第2章 其の弐
この男は、常に"青い彼岸花"の事、そして太陽を克服する事を考えているのだろう。
それがこの部屋を見るだけでひしひしと伝わってきた。
自分はこの男と何処か似ているとばかり思っていたが、それはただの思い違いだった。
私にはこの男程の覚悟がなかったのだ。
この男は実に執念深いと言っていいだろう。
…でも、それはもう過去の話。
私もこの男と同じ程の覚悟を胸に 此処へ来た。
「私は必ず、母を殺した鬼狩りをこの手で殺めますよ」
「…改まって何だと言うのだ」
「いいえ。なんでも」
離れようとしていた無惨の手をぎゅっと握り締める。
この男の仲間なのかと言われれば、そうではないと断言できる。
でも私のこの気持ちを、想いを、行動を、理解してくれるのは恐らくこの世でこの男のみだろう。

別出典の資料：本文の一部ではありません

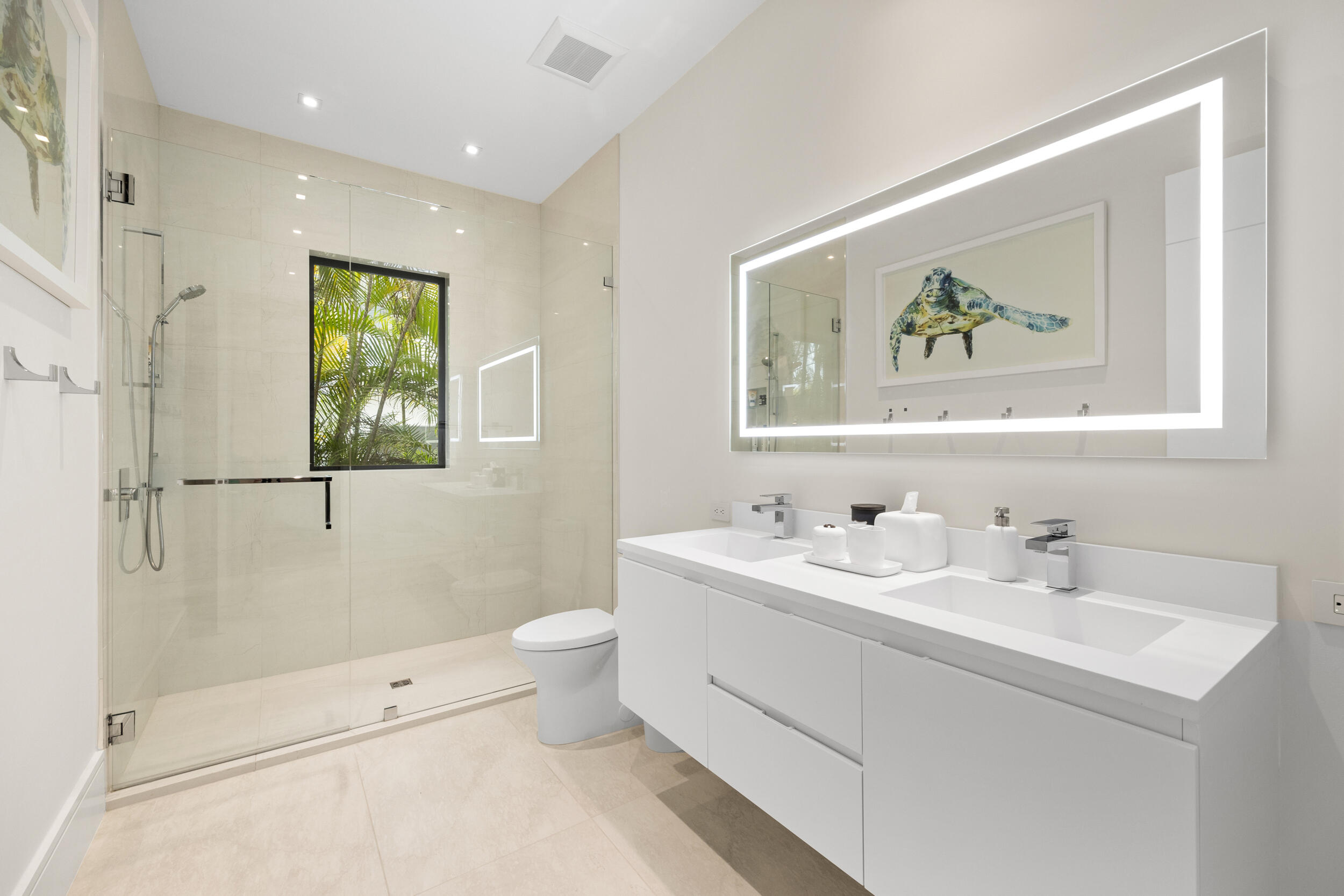 5695 Pennock Point Road Jupiter, FL 33458 - Photo 56 of 77 a bathroom with a double vanity sink mirror and toilet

そしてまた、皮肉な事に私の願いはこの男なしでは叶えられない。
「此処へ連れて来てくれて ありがとうございます」
「…私に礼を言うなど、人間でお前くらいのものだろうな。つくづく可笑しな女だ」
礼を言われるなど、予想していなかったのだろう。
微かに目を見開き、紅梅色の瞳を向けられ その中に自分の姿が映し出され、徐にその瞳がこちらへ近付いてくる。

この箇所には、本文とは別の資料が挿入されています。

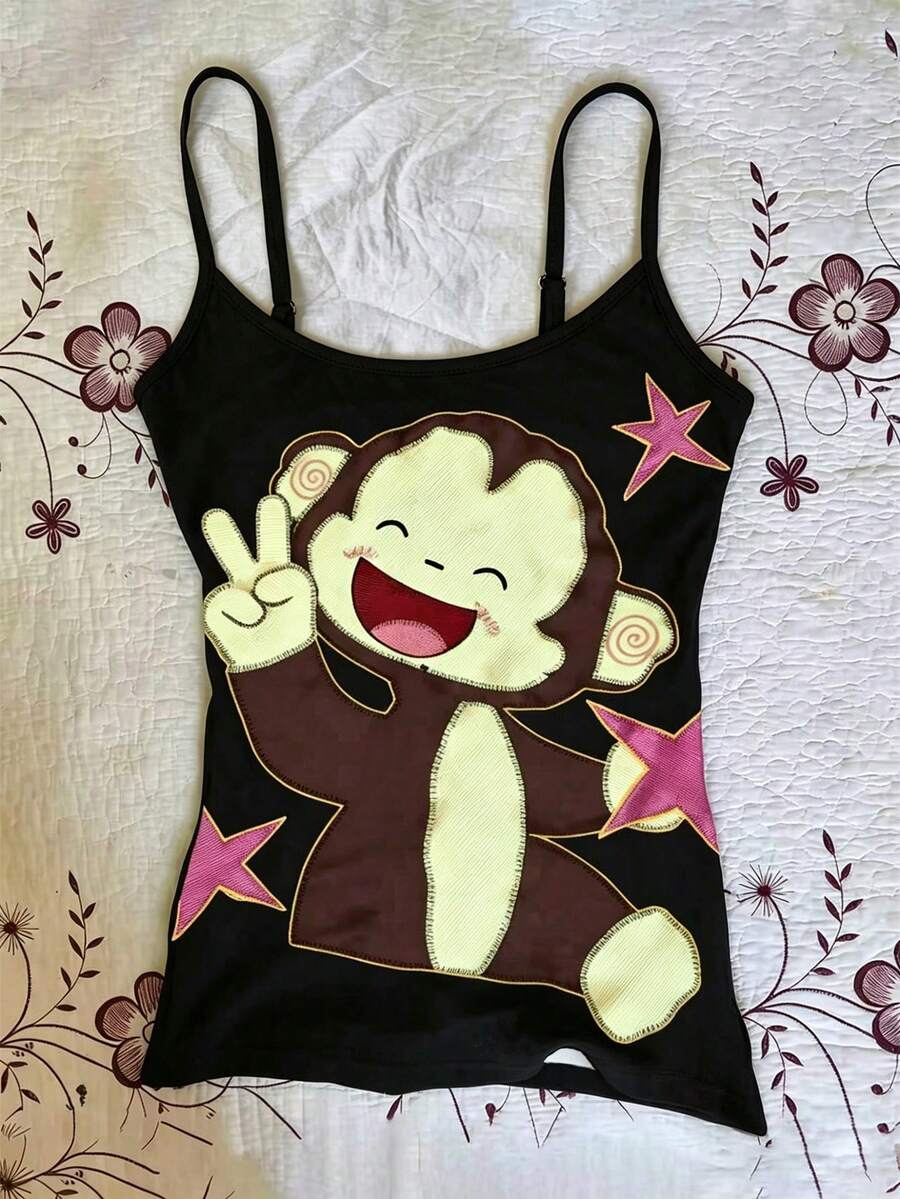 Burgundy cross pattern camisole top featuring spaghetti straps, ring accent, and a backless slim fit design.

いつも私はこの瞬間、その綺麗な紅梅色から目が離せなくなる。
そしてその瞳が見えなくなった時、ひんやりとした其れが、唇へと重ねられる。
慈しむ様に、私の手を握り返すその手もまた、冷え切っていた。
全身から、愛おしいと伝わってくる様な、そんな感覚に、私は何も考えられなくなる。
何百人、何千人に恨まれ、憎まれるこの悪鬼が。
何百人、何千人を殺めてきたこの手で。
こんなにも優しく人間へ触れる事を、誰が想像するのだろうか。